*** Opening Extracted material ***

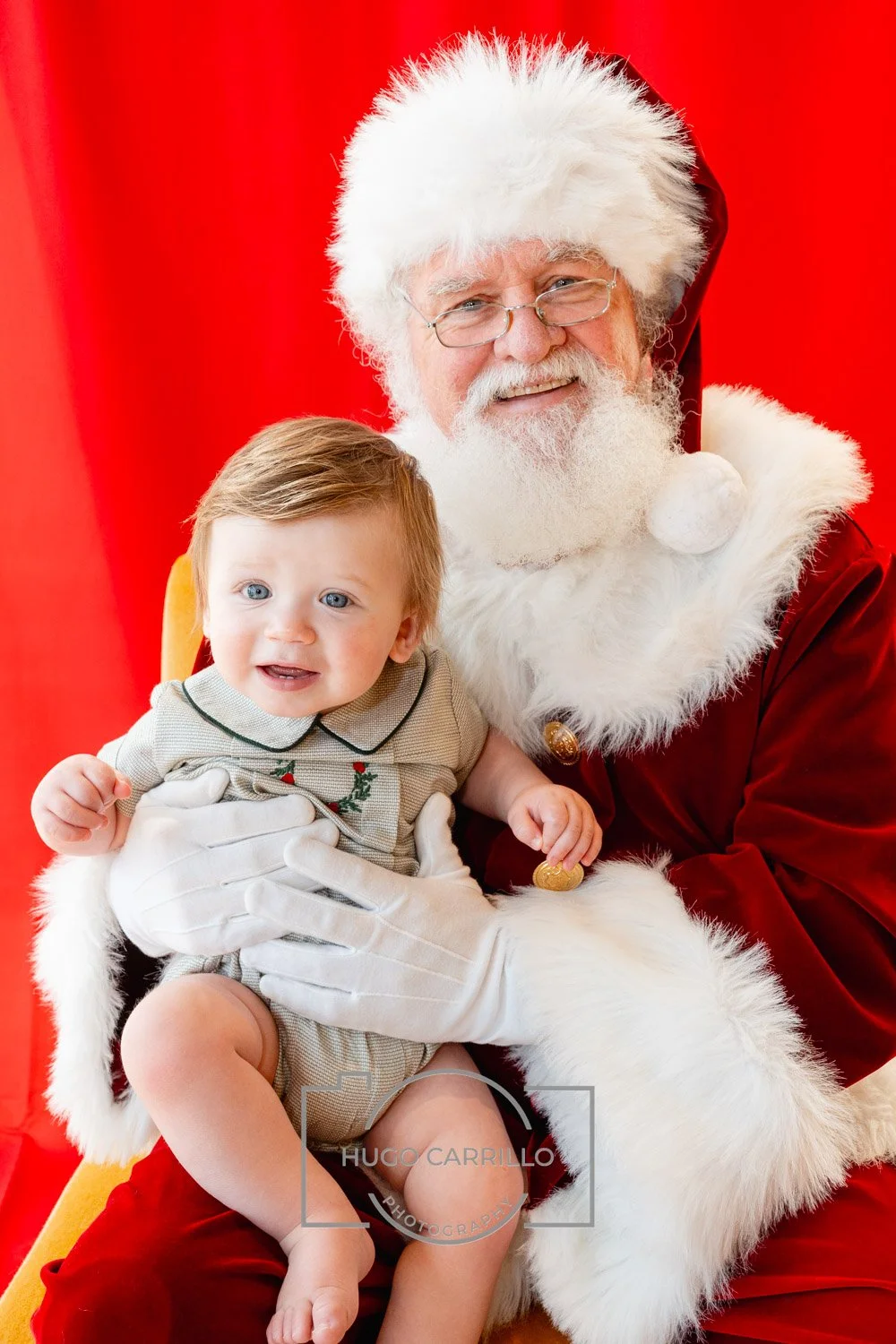 A young child sitting on Santa Claus's lap, with a red background, Santa wearing a red suit with white fur trim, glasses, and a white beard, and the child smiling and reaching out with one hand.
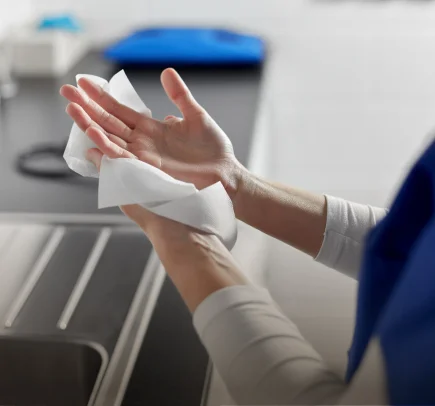 Pessoa secando as mãos com uma toalha de papel próxima a uma pia.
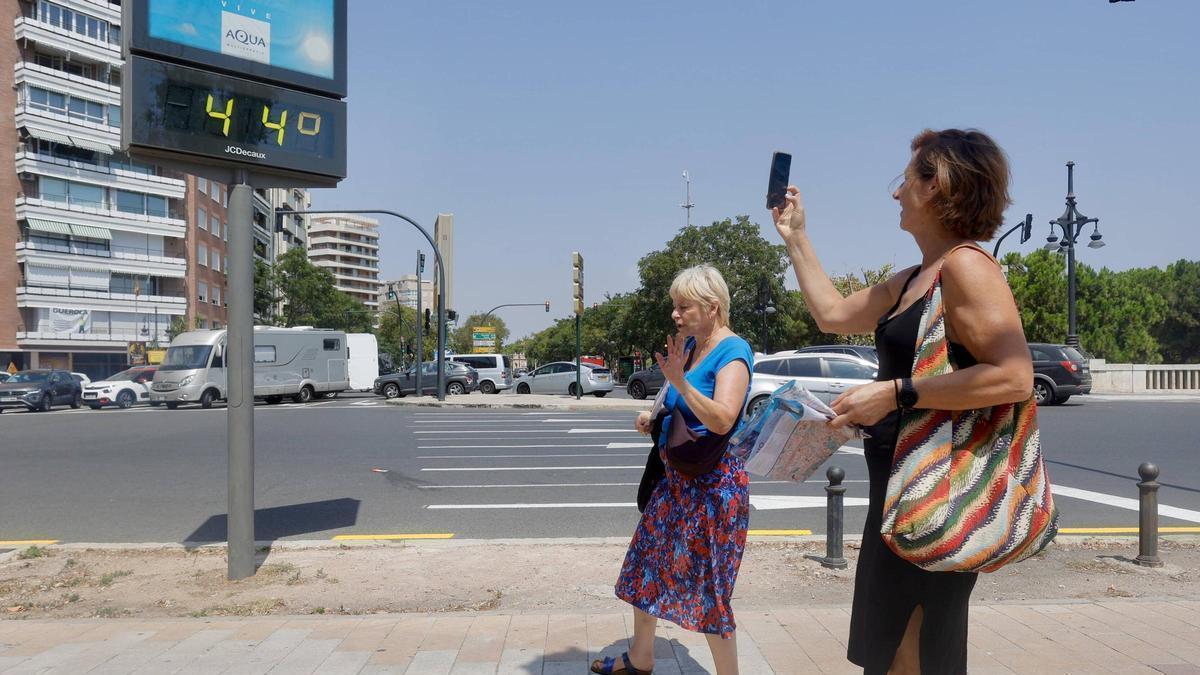 Una mujer fotografía el termómetro en una ola de calor el verano pasado en València.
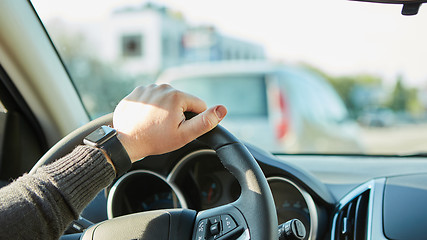 Image showing Close-up Of A Man Hands Holding Steering Wheel While Driving Car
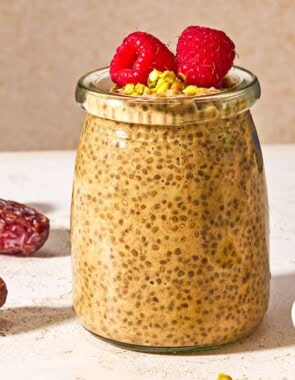 A jar of chia seed pudding topped with raspberries and crushed pistachios next to three whole dates and a bowl of crushed pistachios.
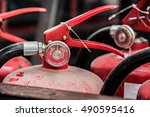 Small photo of Close up of the guage of a depressurized, old red chemical fire extinguisher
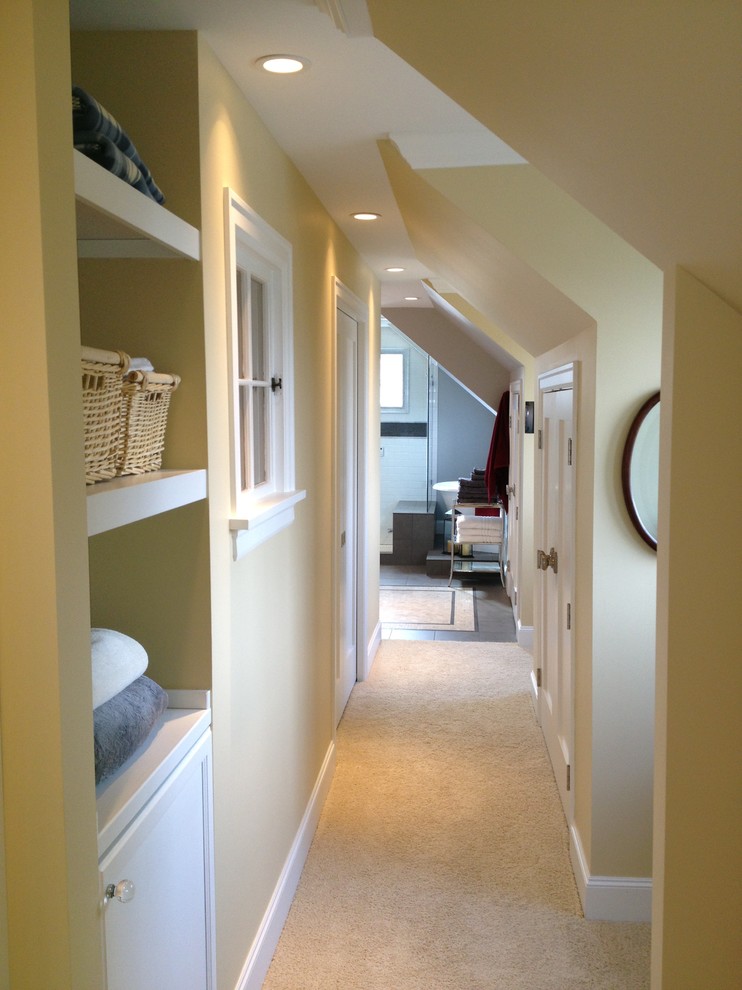 Small traditional hallway in Seattle with yellow walls and carpet.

*** Closing Extracted material ***

Drop the pictures; repeat each entry above exactly.

[Result]:
 A young child sitting on Santa Claus's lap, with a red background, Santa wearing a red suit with white fur trim, glasses, and a white beard, and the child smiling and reaching out with one hand.
 Pessoa secando as mãos com uma toalha de papel próxima a uma pia.
 Una mujer fotografía el termómetro en una ola de calor el verano pasado en València.
 Image showing Close-up Of A Man Hands Holding Steering Wheel While Driving Car
 A jar of chia seed pudding topped with raspberries and crushed pistachios next to three whole dates and a bowl of crushed pistachios.
 Small photo of Close up of the guage of a depressurized, old red chemical fire extinguisher
 Small traditional hallway in Seattle with yellow walls and carpet.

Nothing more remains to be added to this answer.